Un plan-séquence virtuose, pour ouvrir un ballet de corps. De violents jump-cuts dépourvus de plan de coupe, pour en briser l’unité. Dans Mischka, la trajectoire de l’objectif est celle des personnages, de leurs liens tronqués puis reconstruits en marge d’institutions qui peinent à les épanouir. Sur la route des vacances, un insupportable quadragénaire sature l’espace sonore de sa bile franchouillarde. En une scène de ménage unilatérale, où l’interlocutrice blasée laisse glisser sur elle la logorrhée de son mari, Stévenin dresse le procès-verbal de la famille et par là même, un provisoire constat d’échec. Mischka, que son braillard de fils traite comme un chien, ne souhaite pas finir son voyage allongé dans le coffre du break. Il fugue.

De cet éclatement primitif (la femme ulcérée s’éclipse à son tour, laissant ses deux enfants aux soins du bourru), Stévenin recueille des fragments de vie, des errances marginales, pour les agglomérer. Le vieux presque muet, sa monstrueuse et épaisse silhouette au rythme de culbuto, engrènent une spirale de rencontres heureuses car défectives. Recueilli par un hospice bourguignon, il est kidnappé par son gardien alcoolique et loufoque, Gégène, lui-même rongé par sa mauvaise paternité. Plus loin, ils se lieront d’affection avec deux gosses dont l’aînée traverse clandestinement la France pour retrouver son géniteur, à un vieux garçon un peu simplet qui traîne sa quarantaine dans la maison maternelle, à une jeune gitane fatiguée des régulières escapades carcérales de son mari... Filiation de la cicatrice, qui régénère les tissus des déshérités et donne un lustre si émouvant à leur famille de fortune. Cette spirale utopique, à l’œuvre dans Mischka, rapproche Stévenin d’Eastwood : un tel road-movie hippie, visitant par un récit errant les grands espaces d’un pays en puisant dans le creuset de ses mythes, assume sa gémellité inconsciente avec sa traduction américaine, le western épique de Josey Wales, Hors-la-loi ou réduplicateur de Bronco Billy.

Mischka (c) D.R.
Le même rêve de sédentarité épanouie étreint ces saltimbanques, que la sédentarité aliénante a poussés sur la route. À chaque personnage revient la charge de mythifier sa carence (père absent, fille abandonnée, carrière avortée...), Stévenin s’appliquant à les incarner, monumentales, concédant de son objectif insistant une valeur déifiante à la symbolique débridée. Des bustes de statue glorifiés, un Johnny et son buste au statut fantasmé, le rêve d’imposition est au centre de Mischka. Mais l’issue en est invariablement douce-amère, déceptive mais réalisante. Lorsque les pèlerinages se heurtent à leur destination, c’est littéralement une démythification qui est à l’œuvre : la rencontre de son père n’a pas, pour la jeune fille, la saveur escomptée, de même que Gégène flanche et renonce au moment de revoir sa progéniture... Tous réunis dans cette odyssée de la légèreté, aucun n’en estompe pour autant la meurtrissure qui sous-tend leurs rencontres. Ensemble, ils travestissent leur souffrance en insouciance et assument une certaine folie.
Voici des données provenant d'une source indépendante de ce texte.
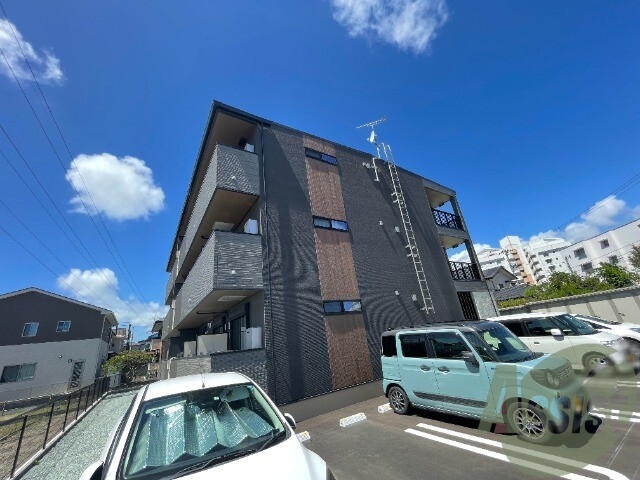 仙台市宮城野区福室４丁目の賃貸アパートの外観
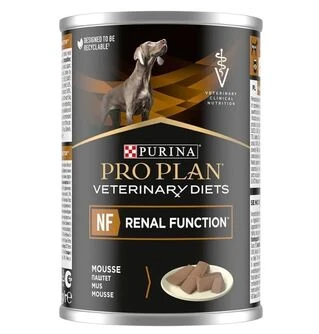 ПАК. Влажный корм для собак Purina Pro Plan Veterinary Diets NF Renal Function поддержание функции почек (12х400 г)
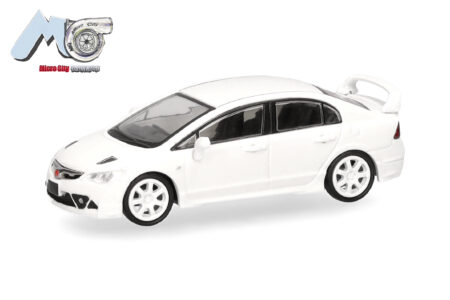 Herpa / MicroCity87: Honda Civic FD2, weiß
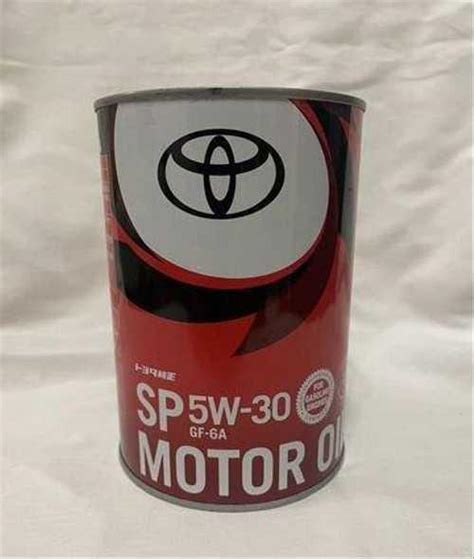 Моторное масло toyota 5w30 1 литр | Festima.Ru - Мониторинг объявлений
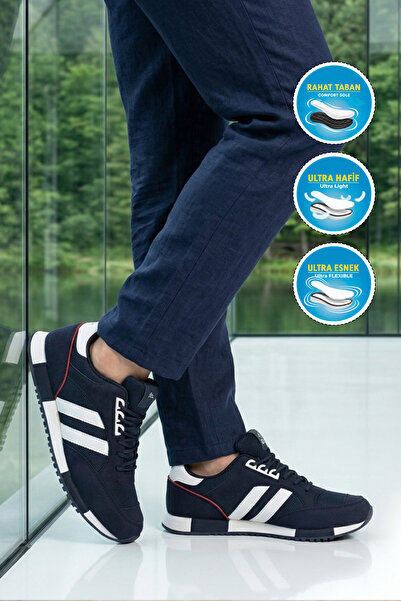 WALKWAY 26109 m Navy Blue Men's Sports Shoes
La mise en scène de Stévenin, au diapason de ses personnages (lui-même est acteur dans Mischka, se confiant l’entité la moins équilibrée et la plus fantaisiste, par défaut d’affection...), ne distancie jamais son point de vue et naturalise leur déviance, inscrivant leur évolution dans l’exploration sensorielle de l’espace. Les mouvements d’appareil semblent adresser aux paysages de campagne une caresse d’aveugle sur les traits d’un visage. La bande-son en hérite une acuité décuplée et instrumentalise les atmosphères, alternant l’angoisse paranoïaque de la symphonie autoroutière et le paisible recueil de la nature champêtre. La topologie détaillée, nommant villes et régions, en appelle à la signifiance : ces exclus pas même désargentés (ils achètent des billets de train pour ne pas le prendre, des huîtres pour ne pas les manger...) trouvent en leur dernière arrivante un emblème de condition. Tous gitans, nomades par choix, ils dirigent leur escapade vers un camping au statut sociologique métaphorisé. Réunion provisoire d’éléments, autour d’un feu, au soir d’une étape, consumant dans un brasier commun leur rancune de la vie. Rythmé par ces moments de repos collectif, Mischka clame la communion de son bestiaire et revendique l’absence de personnage principal. Le sage patriarche éponyme, qui avait débuté la fiction en enfant incontinent ou en clébard galeux, ne doit son rôle-titre qu’au mérite ultime d’avoir initié, géniteur d’émotions, cette route émouvante.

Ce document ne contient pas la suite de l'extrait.